| > I feel like I can write powerful code in any language, but the goal is to write code for a framework that is most future proof, so that you can maintain modular stuff for decades. I like Zig a lot, but long-term maintainability and modularity is one of its weakest points IMHO. Zig is hostile to encapsulation. You cannot make struct members private: https://github.com/ziglang/zig/issues/9909#issuecomment-9426... Key quote: > The idea of private fields and getter/setter methods was popularized by Java, but it is an anti-pattern. Fields are there; they exist. They are the data that underpins any abstraction. My recommendation is to name fields carefully and leave them as part of the public API, carefully documenting what they do. You cannot reasonably form API contracts (which are the foundation of software modularity) unless you can hide the internal representation. You need to be able to change the internal representation without breaking users. Zig's position is that there should be no such thing as internal representation; you should publicly expose, document, and guarantee the behavior of your representation to all users. I hope Zig reverses this decision someday and supports private fields. |
> You cannot reasonably form API contracts (which are the foundation of software modularity) unless you can hide the internal representation. You need to be able to change the internal representation without breaking users.

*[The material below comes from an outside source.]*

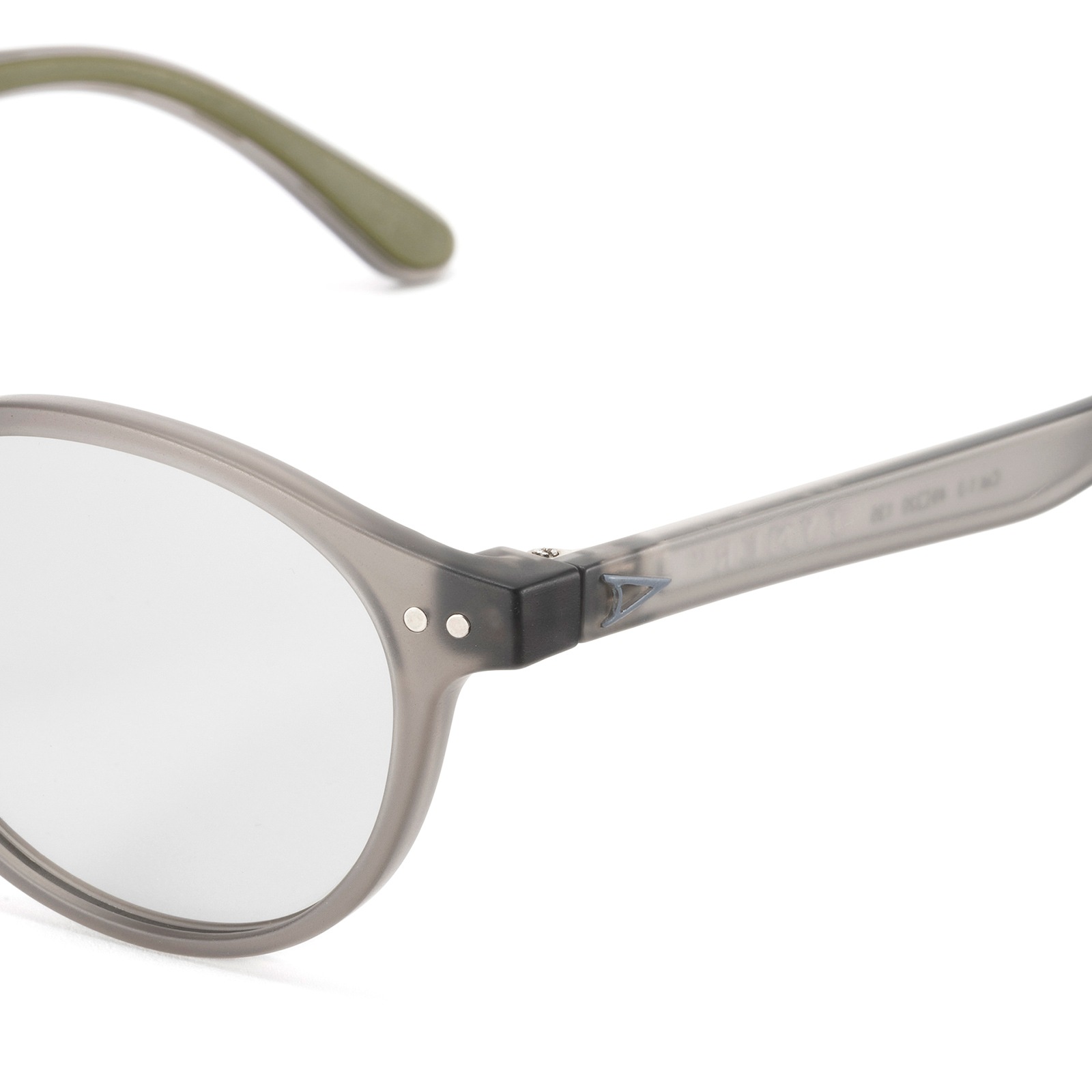 [当日出荷可] TYMER OLIVER Matt Clear Grey/Photochromic Grey [タイマー]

You never need to hide internal representations to form an "API contract". That doesn't even make sense. If you need to be able to change the internal representation without breaking user code, you're looking for opaque pointers, which have been the solution to this problem since at least C89, I assume earlier.
If you change your data structures or the procedures that operate on them, you're almost certain to break someone's code somewhere, regardless of whether or not you hide the implementation.